With Halloween in the rearview mirror, it’s about to enter the Holidays Proper, and with it, a time of relentless, continuous travel for many people. As if the dark days and seasonal depression weren’t enough, November and December tend to require you to further decimate your circadian rhythms by hopping time zones, and give up the bed you’ve so lovingly tuned for your own personal sleep preferences for a series of dusty pull-outs or stiff hotel bulk-buys. It also means that you are about to become deeply familiar with the scent and swamp-like texture of a packaged breakfast sandwich from the damp floor of a heating tray. All washed down with bad coffee that’s either too hot or too cold, but never just right, like it was procured from a fairy-tale home housing only 2 childless bears. All together, it’s the kind of environment a reality show producer would manufacture in order to create tension between family members, and it’s no wonder so many Thanksgivings end up with someone “needing to go for a walk.”

Public Domain

A 1665 painting that surprisingly is NOT picturing a post-thanksgiving dinner game night.

Much of this is par for the course. But there is one final indignity that we could all erase, if we simply band together. I’m talking about the sudden, semi-cushioned impact of the plane seat back in front of you into both of your knees approximately 10,000 feet after takeoff. You’ve finally settled into your spot, you’ve watched some sort of inane video on safety procedures that a marketing department attempted to make “fun”, fully guaranteeing that no one will ever pay attention to it. You’re about to put on the sort of dead-center 50% on Rotten Tomatoes movie that feels so right for a plane ride. You hear a slight click and a quick creak and within a second, the menisci of both kneecaps are compressed into painful little pancakes. The self-satisfied sigh of the person seated ahead salts the wound just that much more.

I’ll admit that as a taller than average man, living at the size of an NFL tight end with none of the athleticism, strength, or money to show for it, I am more sensitive to this. On the best of days, I fit in an airplane seat like a personal pizza fits in a jean pocket. The only place I look like I’m traveling to is back to the lab to get the bolts in my neck replaced. I realize there’s not a lot of tears shed for tall men, shin splints and short life expectancy aside, but even for an average-sized person, there’s not much space to spare.

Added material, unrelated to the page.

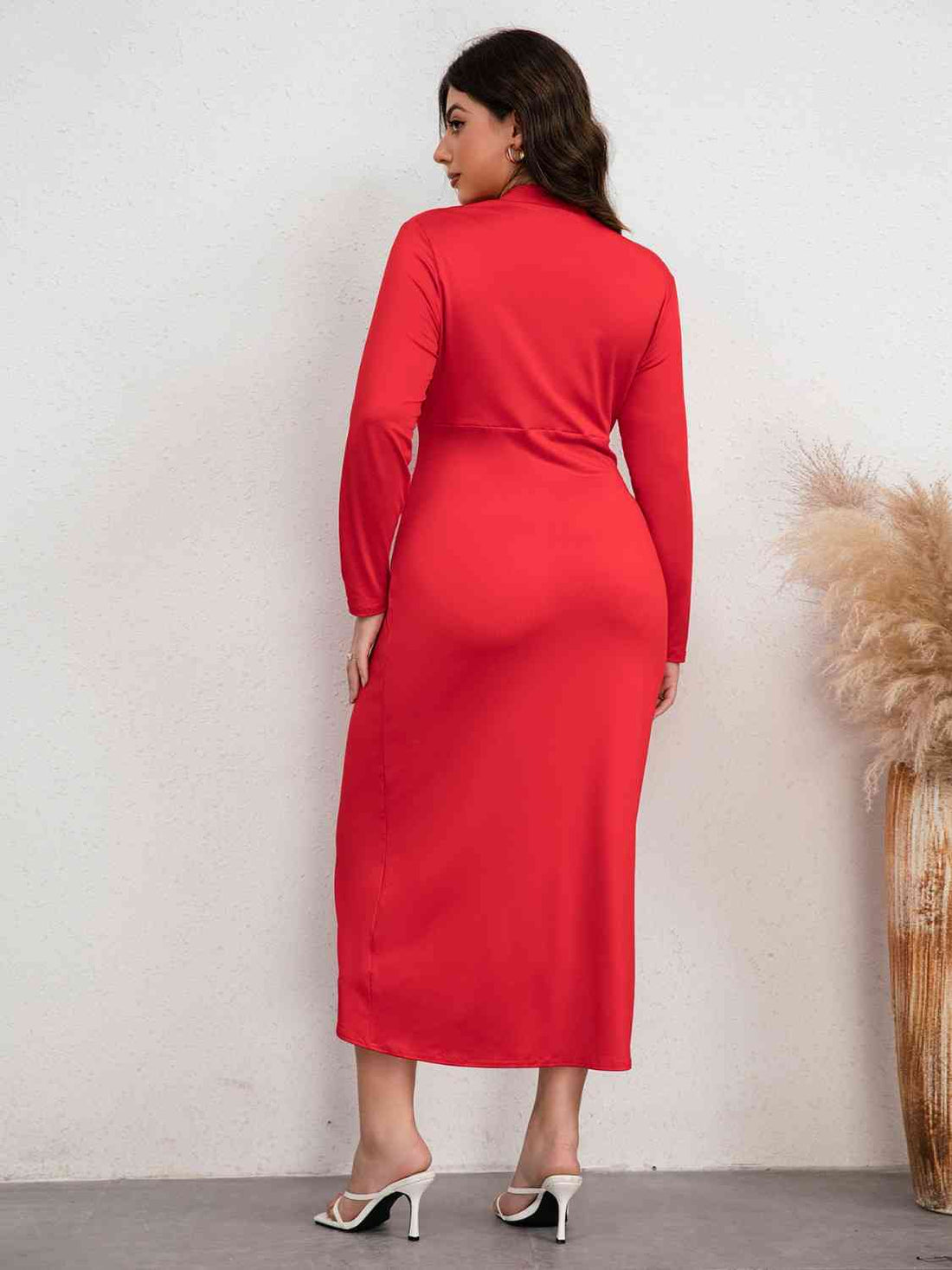 Plus Size Plunge Ruched Slit Dress - Pahabu - Women's Clothing & Shop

None of this is helped by the fact that airlines have been squeezing every possible inch out of individual seats in order to increase capacity, while also stealing centimeters to create the class warfare disguised as seating option that they call Economy Plus Ultra, et al. Like a frog boiled in slowly heating water, suddenly we’re all flying cross country packed into absolutely minimal meatspace, ten dozen cubes of anguish and unnatural spine curvature attempting to watch Doctor Strange with our head sideways.

I realize there will be backlash, and I am ready for it. I know the most common refrain: “I paid for a seat that reclines, if you don’t like it, it’s your problem.” I understand this! I really do! Because that’s exactly what Big Airplane WANTS us saying. They want us fighting over 10 degrees of lean, sparring over the spatial scraps that they’ve left us with. They want us saying “I can’t believe this person is taking away my space” instead of “Hey, shouldn’t these seats be designed with the size of a human in mind instead of a tiny woodland elf?”

Grafenshreck

“For an extra $35 we'll remove the spikes!”

Plus, the person in front of you is most likely going to recline their seat into you. Think of the annoyance you feel when you see that headrest descend, all but crushing your tiny Coca-Cola can, sending your plastic cup filled with ice that somehow tastes bad rattling towards your lap. It’s a natural reaction to take that fury and pass it along, to send the wave of space invasion rocketing backwards towards the back of the plane, until it finally crushes the last row between bad upholstery and an airplane bathroom filled with digested McGriddle remains. The fat cats are up in first class, sitting in small airborne apartments, sipping orange juice and champagne, buying the overpriced Wi-Fi in order to finalize their company’s layoffs. Unfortunately, there’s nothing we can do about first class except by stalwartly crop-dusting them every time we board and trying to shit in their fancy bathroom when the flight attendant isn’t watching. Meanwhile, all of coach is embroiled in a seat-based Stanford Prison Experiment that will only end in bruised knees and spilled pretzels. 

Now, I’m also not trying to say the only acceptable level of reclination is the default, upright position. No doubt also due to attempts to save space, that now basically locks you into the posture of an ambulance spineboard. The solution here, the compromise that brings us all the greatest pleasure, is the partial recline. Sure, pop a click or two to give yourself a little breathing room. But we don’t all need to be slamming our seat back repeatedly like we’re trying to straighten steel rebar. The partial recline is the olive branch of aerial travel. A partial recline says to the person behind you, “we’re all in this together.” A perfect, balanced, combination of comfort for two parties, forming a both metaphorical and visual yin and yang.

Pixabay

The world in partial recline.

This is a long war, and one I don’t expect to win, but one I will be proud to go down fighting. Scientists have long known about the phenomenon of “phantom traffic jams”. These are caused by drivers’ tendency for the binary of either stop or go over slow, continuous movement, creating seemingly standstill traffic out of nowhere. Our devotion to the full recline echoes this very same problem. And in the same seemingly contradictory way that everyone going a little slower would make us get everywhere faster, everyone making themselves a little less comfortable would make all of our travel more pleasant.